Navigating the Internet: Tools for discovery

By Judy Smith and Daniel Updegrove

Franklin, Penn's online library catalog, PennInfo, our campus-wide information system, and Whois, the online electronic mail directory, are three popular resources on PennNet, the campus data network. Since passwords are not required for these systems, many users are, in fact, affiliates of other universities, government agencies, or industrial firms. Their link to PennNet is the Internet, a network of more than one million computers in forty countries.

Penn students, faculty, and staff, in turn, can access thousands of resources around the world: library catalogs, campus information systems, directories, databases, and archives. The number of institutions joining the Internet, the number of individuals with access, and the number of resources being contributed to this public domain continue to grow rapidly. But how does one navigate in such a vast sea of information?

Until recently, only intrepid researchers and networking gurus understood enough about network addressing, user command interfaces, and technical tricks to use the Internet for more than electronic mail. New navigation tools--easy to use, widely available, and free--have dramatically changed this. Now anyone can, in a matter of minutes, learn to explore from Sweden to Singapore in search of scholarly, technical, or avocational treasure. (See the "Internet hunt," sidebar for examples.)

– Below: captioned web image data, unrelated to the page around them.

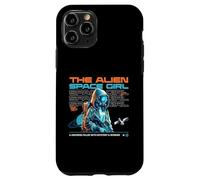 Sci Fi The Alien Space Girl Universe Mystery And Wonder Case for iPhone 11 Pro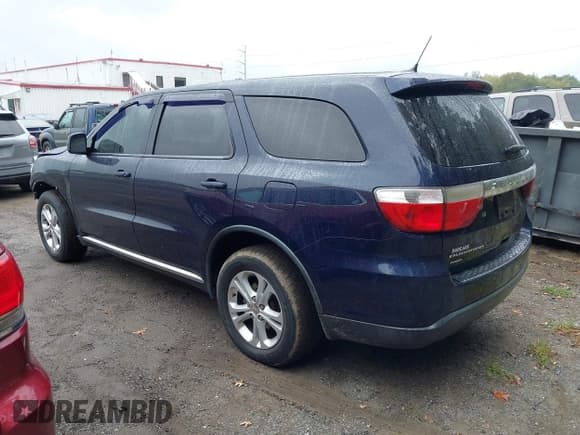 ✅ 2013 Dodge Durango SXT • VIN: 1C4RDJAG0DC692309 • Lot: 43195662. Wystawiony na IAAI z przebiegiem 100 053 mil. Bezpłatny archiwum sprzedaży aukcyjnych z USA i szczegółowy raport historii pojazdu na DreamBid. Zdjęcie 3.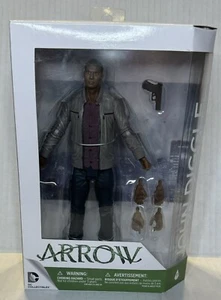 DC Collectibles #9 Arrow John Diggle Actionfigur DC Comics TV Serie Arrow - Bild 1 von 6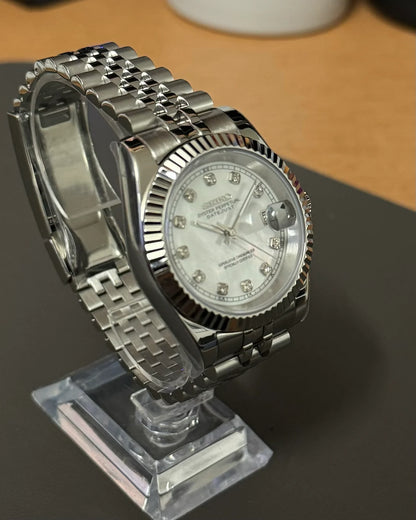 DATEJUST MOD WHITE PEARL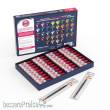 AK Interactive AK17601 - QUICK PAINT SET - 36 QUICK GEN COLORS (+2 FREE BRUSHES)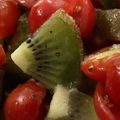 MULA's cooksnap of when they made ゴールドキウイとプチトマトのオイルマリネ.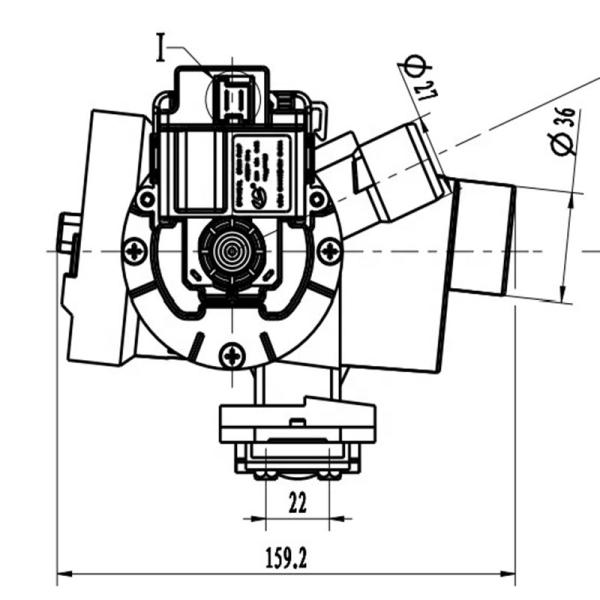 BPX401-27 Домашний электрический водонагреватель для промышленных стиральных машин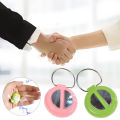 Electric Shock Toy Battery Powered Fools Day Joke Electronic Handshake Toy. 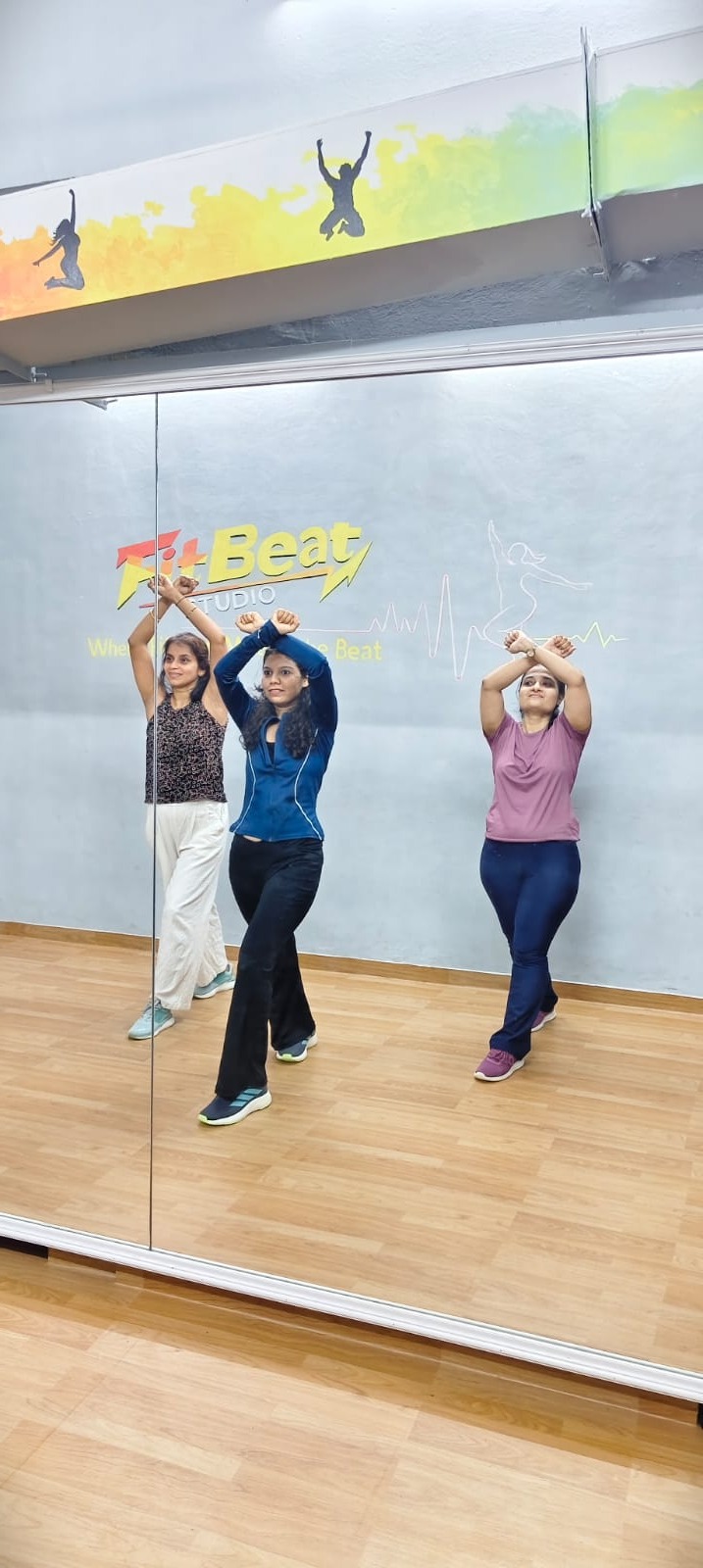 Mentored mock session — Zumba Instructor Mentorship Program Fitbeat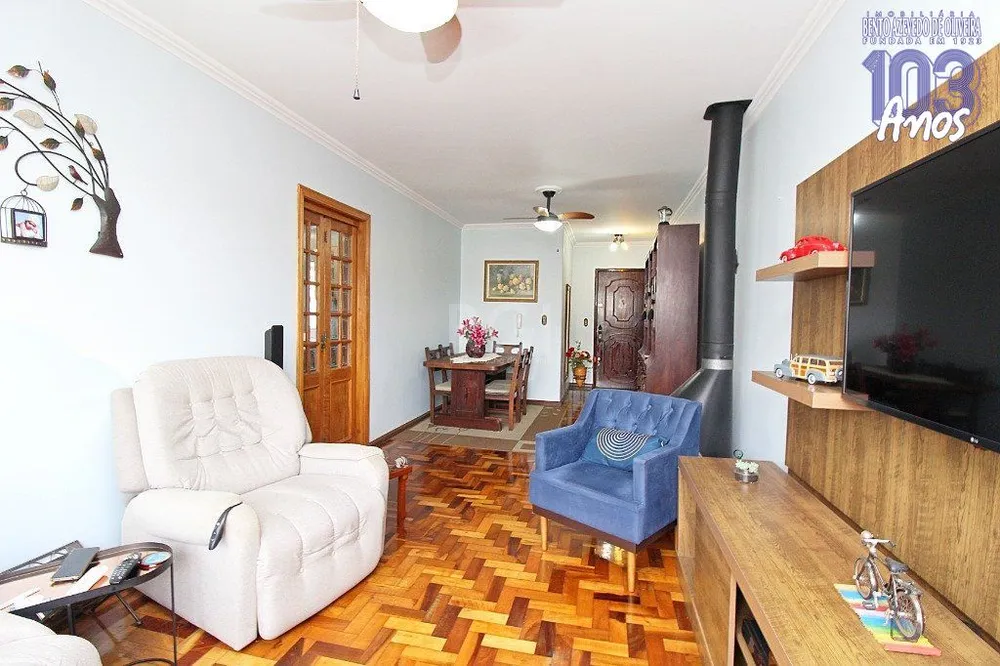 Apartamento, 3 quartos, 98 m² - Foto 1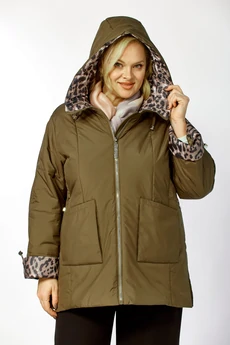 Куртка 2215 хаки Shetti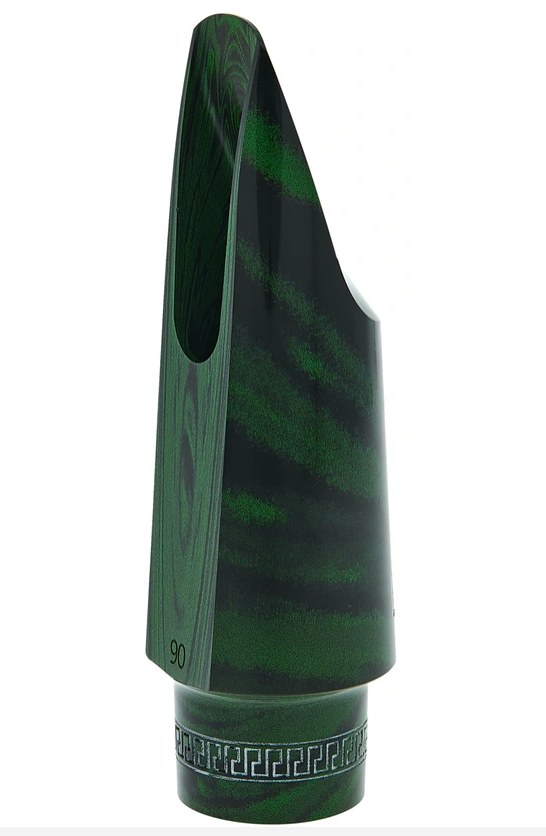 JEK Legacy Tenor – Grün Hard Rubber
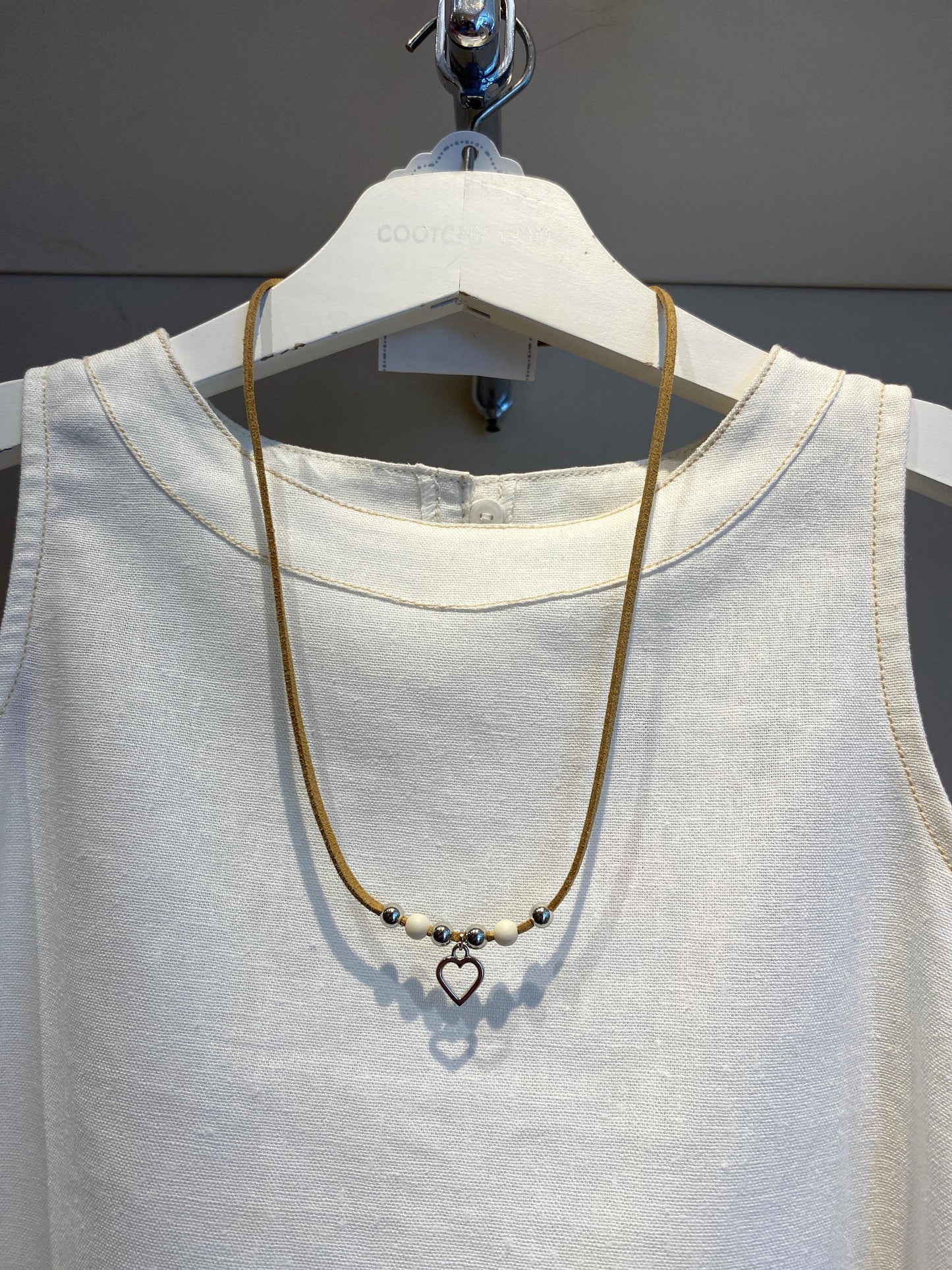 Collar Cuero Navidad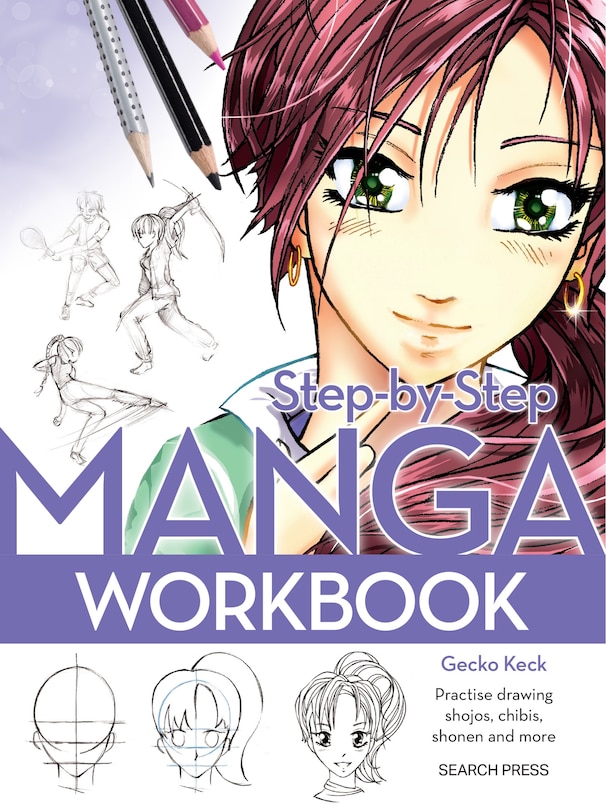Front cover_Step-by-Step Manga Workbook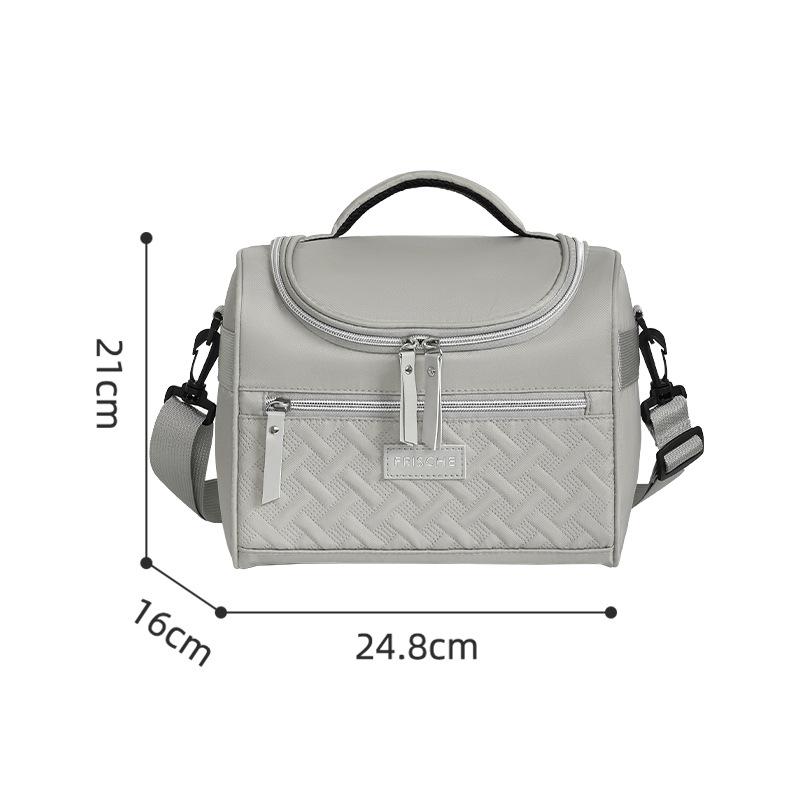 Paishilong Insulated Picnic Lunch Bento Box with Ice Pack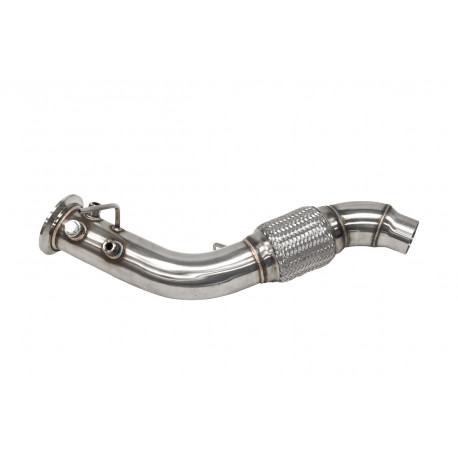 Down pipe, dump pipe RACES downpipe za BMW E60 530D M57N2 | race-shop.si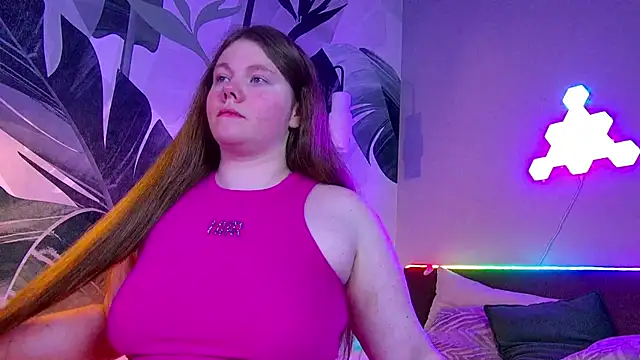 RubyValen online show from October 22, 2025, 1:05 am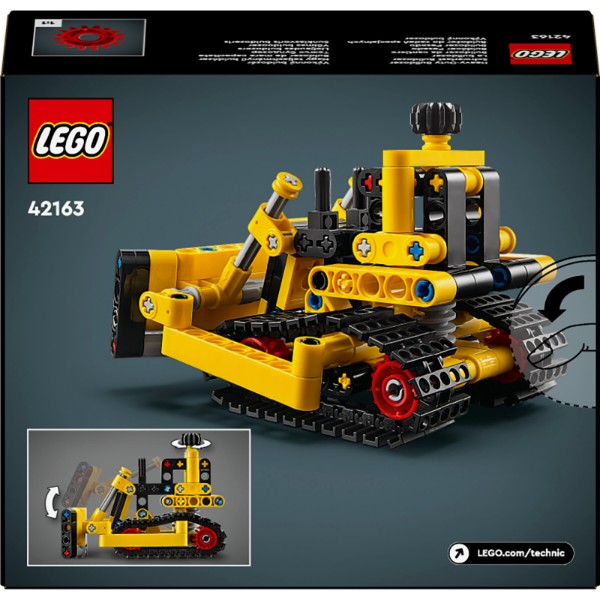 Фото - Конструктор LEGO Technic Надпотужний бульдозер (42163)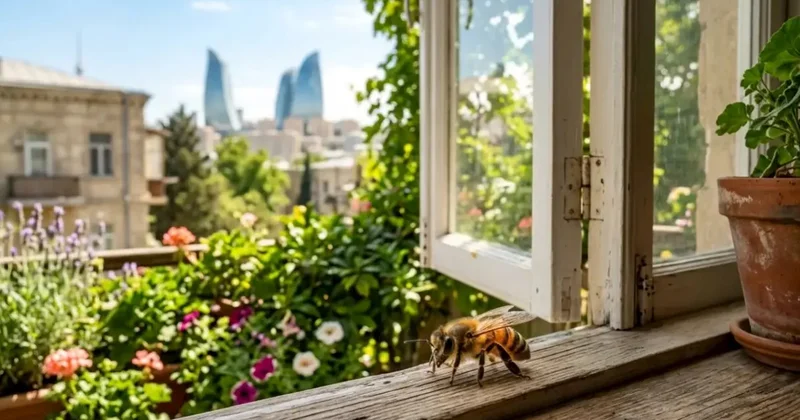 Evinə arı gələn şəxsləri görün nələr gözləyir Feng Shui sirri açıldı
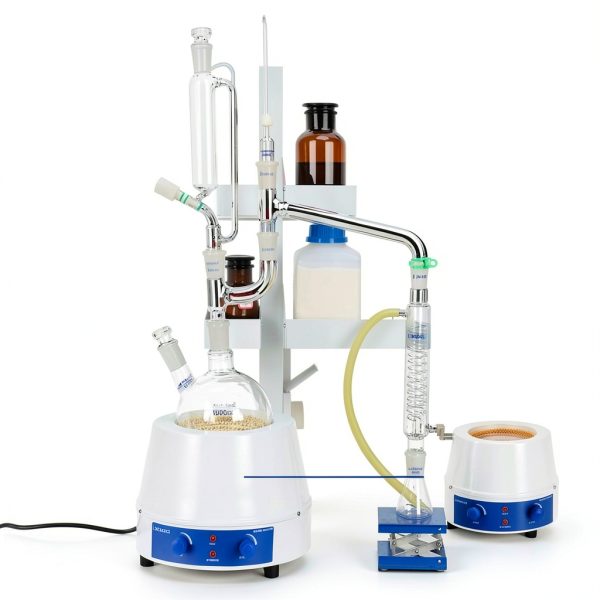 Heating Mantle Labasics 1000ml Beige Magnetic Stirrer 0-1400 RPM 450°C-6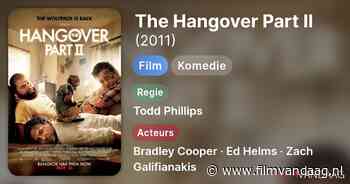 The Hangover Part II [20:30, Veronica, IMDb: 6.5]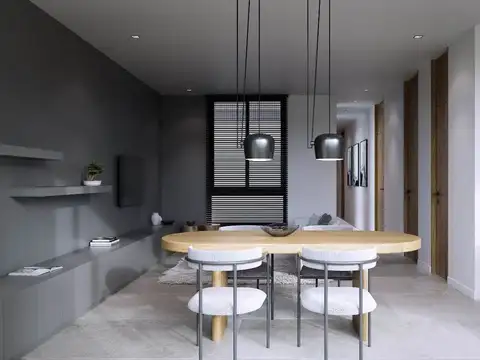 Departamento 2 ambientes con 1 baño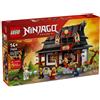 LEGO 71858 Ninjago - La bottega delle Quattro Armi - 15 anniversario LEGO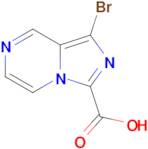 1-Bromoimidazo[1,5-a]pyrazine-3-carboxylic acid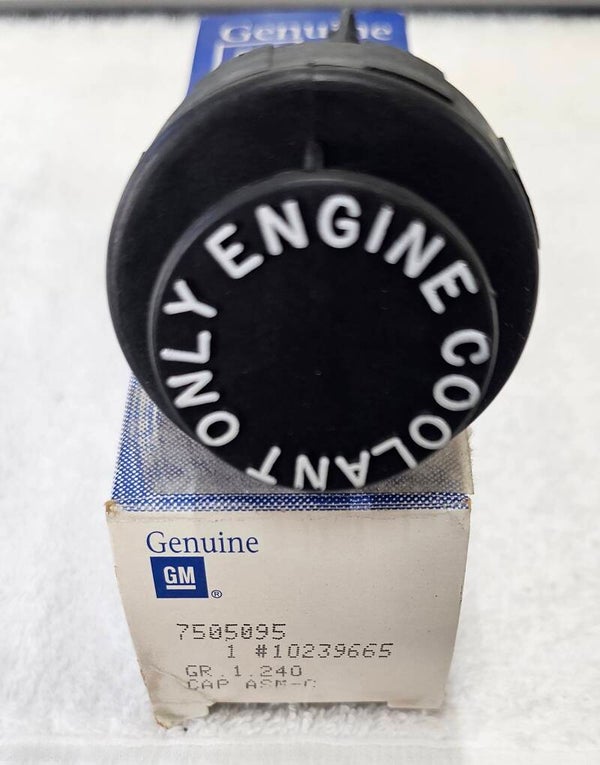 Engine Coolant Cap 1984-1996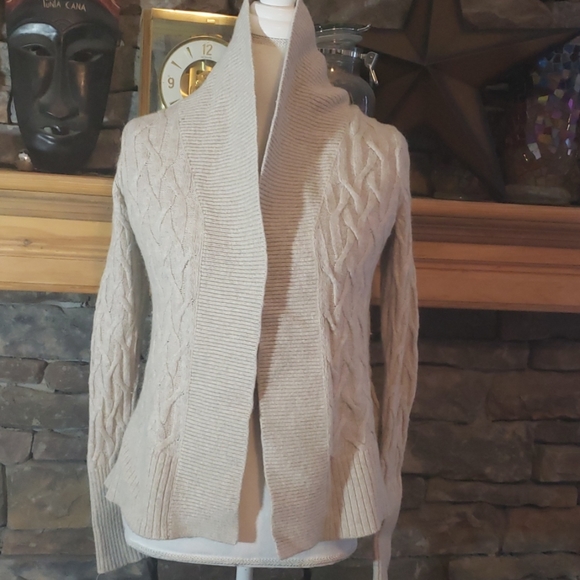 SALE⚡LOFT DRAPE WOOL MIX SWEATER SZ XS - Picture 1 of 6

Five Internet navigation tools--Archie, Gopher, Veronica, WAIS, and World-Wide Web--are introduced in this article, followed by instructions on accessing Gopher, which provides links to the other four tools, as well as to PennInfo. As with PennInfo, these tools are usable via any computer that can emulate a VT100 terminal, but additional power and ease of use are available with versions that operate as clients on Macintoshes and other workstations with IP/ethernet connections.


Archie

The Internet community has been amassing text, image, software, and database resources for over twenty years. Historically, these resources have been stored in public repositories known as anonymous FTP servers. FTP is the Internet-standard high-speed file transfer protocol, used for exchange of private information by trusted parties with passwords as well as for publishing information without passwords, i.e., anonymously.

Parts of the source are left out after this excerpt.